Free Parking? No, it’s not Monopoly. It’s Harrisburg.

Illustration by Rich Hauck.

To butcher a famous literary phrase:

“Let us now praise HBG famous men (and women).”

In my column last month, I took to task certain Harrisburg officials who seem determined to strangle downtown’s housing renaissance in its infancy.

But I feel I also should offer praise where it’s due, and nowhere is it due more than with the complicated, difficult issue of downtown parking.

Yes, parking.

Four years ago, Harrisburg’s financial recovery plan went into effect, and, to save itself from insolvency, even bankruptcy, the city entered into a convoluted, 40-year deal to lease out its cash-rich parking system.

Harrisburg surrendered control of its garages, rates, fees, ticketing, enforcement—the whole shebang.

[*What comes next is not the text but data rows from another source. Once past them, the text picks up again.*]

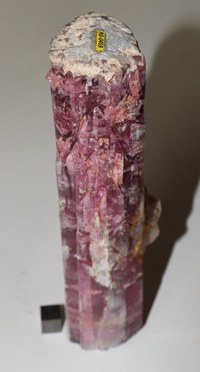 RG0459 Tourmaline (2).JPG RG0459 Tourmaline (2).JPG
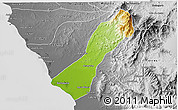Physical 3D Map of Valmore Rodriguez, desaturated
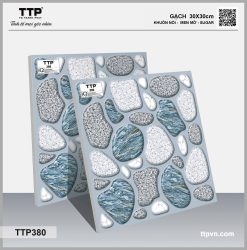 TTP380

From then on, city officials, it seemed, would be able to do little more than smile and accept it as the new operator hiked rates and tightened enforcement.

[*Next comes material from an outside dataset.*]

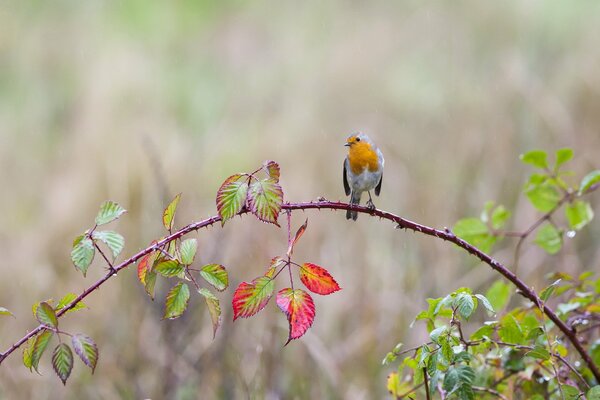 Petit oiseau assis sur une branche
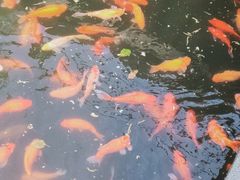 -苏堤停车场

But that’s not what happened at all.

Oh, sure, the rate hikes happened—street-parking fees doubled—with the adverse effect on downtown business that everyone predicted, especially for the coveted happy hour/dinner business of downtown’s many restaurants and bars. But city officials proved far more resilient and imaginative than I would have thought possible, given their seemingly powerless position.

First, Mayor Eric Papenfuse made a risky bet that reducing street parking rates from $3 to $2 per hour from 5 to 7 p.m. would not lead to any loss for Park Harrisburg. With the support of City Council, the administration pledged to compensate the system operator for any lost revenue. The scheme worked. The city never had to shell out a cent, and the rate for these hours has remained at $2 since.

Next, the city reached a deal with its mobile parking application provider for four free parking hours on Saturday by using the code “LUVHBG.” It then convinced Park Harrisburg to allow 15 minutes of free parking in downtown’s many loading zones, helping to address the problem of people avoiding downtown businesses for quick trips to pick up a sandwich or buy something at the hardware store.

Then, last month, City Council agreed to the grandest stroke yet. Under a new plan, the city will put up some money ($110,000 from a fund that Park Harrisburg already owes the city) to make parking free after 5 p.m. throughout much of downtown.

Now, this idea didn’t start with the city. The credit really goes to the Harrisburg Downtown Improvement District, which got both the city and Dauphin County on board and is splitting the cost with them.

But there you go: free parking after 5 p.m., four hours free on Saturday and free loading zone parking for those who want to zip in and zip out—all implemented from a position of utter powerlessness. That deserves praise.

Several years ago, I took flack from some readers after I had the audacity to say a few nice things about the new parking regime. I said that I liked the freshly installed digital meters, which actually took credit cards, not just quarters. Also, with better enforcement, I finally could find parking downtown, previously impossible since, with little fear of getting a ticket, people would never move their cars. I didn’t even mind (too much) the admittedly ridiculous $3 hourly rate if that was the price for helping the city get back on its feet financially.

However, I realize now that mine was a minority opinion. Most people in and around Harrisburg had grown used to cheap (or free) parking, seemed to regard it as their birthright, and nothing was going to change their minds. Even reducing the rate to $2 an hour didn’t bring back after-work drinkers and diners in their former numbers.

Honestly, I lay part of the blame on the business owners themselves, who, with a few exceptions, seem utterly allergic to the concepts of marketing and community engagement. The same goes for Park Harrisburg and its parent, SP+, which have never bothered to try to educate people about the system and why and how to use it.

Do most folks even understand that downtown parking costs just $2 an hour after 5 p.m., is free after 7 p.m., is free on Sunday and, with the mobile app, is basically for free on Saturday? For the most part, I don’t think so. Heck, it seems that, almost every day, I have to tell someone that Harrisburg no longer runs the parking system—four years after the city relinquished control of it.

This lack of outreach has allowed the problem to fester, giving people (especially suburbanites) another reason to hate on Harrisburg. It fed and affirmed an existing prejudice against the city, which sustained education and encouragement might have overcome. But that wasn’t done.

But maybe “free” will work. Maybe two bucks an hour is all that stands between suburbanites and a great meal or night out. Maybe any cost—a penny, a nickel, a dollar—is too much for folks accustomed to complimentary parking in vast surface lots. In time, we’ll see. We’ll also see if people actually get the message.

In any case, here’s to inventive, responsible local government. Harrisburg officials took a problem they had no business solving, in a system they had no right to change. And they helped solve it and change it. Praiseworthy indeed.

Lawrance Binda is editor-in-chief of TheBurg.